16 JUL, 2015

How to Use Data from Your Recognition and Incentive Programs

Data from Recognition & Incentive Programs

Any decent recognition and incentive software platform should offer a reporting suite that shows you more than just how many rewards or points employees have spent and earned. That is actually the least useful metric when it comes to actually moving the needle on behaviors! So if your platform does have a whole list of reports, what exactly should you be looking for?

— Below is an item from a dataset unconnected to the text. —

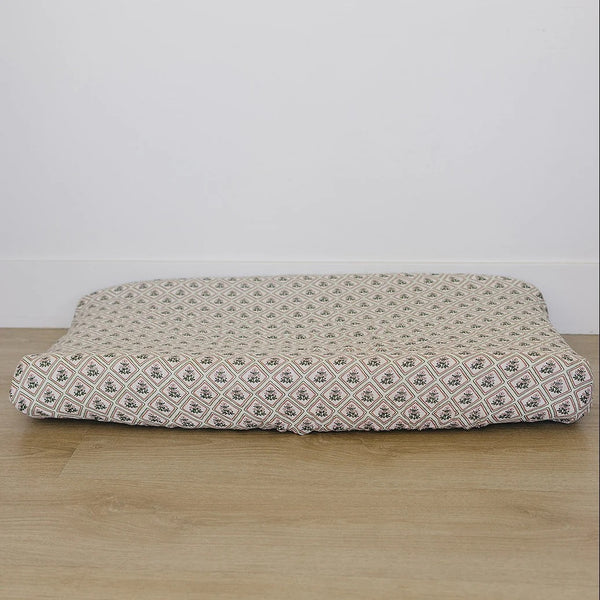 Changing pad cover - Country garden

  • Check department and manager recognition activity against performance: Your platform should allow you to segment recognition activity by department, manager, etc.—whatever is most useful for the way your business is structured. If you notice that a certain manager rarely recognizes her employees and her department has not reached its goal the past two quarters, perhaps it’s time for a conversation and/or some further training on management techniques to effectively engage employees.
  • Most/least used values or award types: A well-structured recognition program aligns to a company’s core values—things like teamwork, innovation, customer focus, etc., and your reports should allow you to segment activity accordingly. If you notice that one or more of these core values is rarely recognized in your company, it might be a cause for concern. Managers might need some coaching in fostering teamwork, for example, or perhaps you should interview employees to find out what is blocking them from providing excellent customer service. It may just be that the language describing that value needs to be made clearer for employees to understand when to cite it.
  • Look at employees who are recognized vs. not: Your platform should have a report showing frequency of recognitions for each employee, or at least allow you to export all activity into Excel so you can sort it yourself. If you notice that a particular employee has gotten a disproportionate number of recognitions, it could be a red flag for fraud, or simply a sign that he is doing an outstanding job and should possibly be considered for a raise or promotion. If another employee is rarely or never recognized, check out his place in the organizational hierarchy. Is the employee isolated from working with others, reporting to a manager who is not making recognition a priority, or simply not doing the best job he could? In any case it’s a good idea to look further into it and make sure no employee feels neglected, which is a sure path to disengagement.
  • Cost per recognition: This report will help you to see if you have a proper mix of non-monetary and monetary recognition in the program. Simply, it’s the rewards spend divided by the total number of recognitions within the system. If your cost per recognition is high, then it means that you need to promote more non-monetary recognition within your organization, which will increase engagement without increasing your rewards budget. We like to see somewhere between 65% and 80% of recognitions be non-monetary.
  • Increase in desired actions with incentives: Incentive programs are the easiest to measure, since the actions they encourage are well-defined. Sell x amount of widgets to get y reward; complete x training modules and get y badge. Any incentive program’s reporting suite should be able to show you how often employees are achieving the goals you set out for them. You should also be able to compare results between time periods and promotions to analyze productivity and figure out the best structure for future incentive promotions.
  • Overall program website activity—logins, pages viewed, mobile usage, etc:For any program, the basic metrics provided by Google Analytics or your vendor’s own proprietary tracking are important to check up on periodically. The advantage to using a vendor’s tracking mechanisms is that you should be able to segment them based on your company’s hierarchy so that you can see activity by department, location, etc. rather than just overall. (Google Analytics will only give you an aggregate for your company.) You can also see which pages of the site are getting the most traffic, and how many people are accessing it via which browser and device. This information will show you things like whether you should bother optimizing for IE9, or that nobody is reading your newsletter so perhaps you should place it in a different spot on the home page (or make it more interesting!).

No matter how good your platform’s reporting is, there is no magic bullet to figuring out performance or engagement at any company. Many of these reports are simply a first step to finding problems or opportunities. Time must be taken by management—not just HR—to analyze them and ensure that this valuable information does not go to waste. And your vendor should be able to help fill in the gaps by helping with things like data integration and periodic program review and analysis.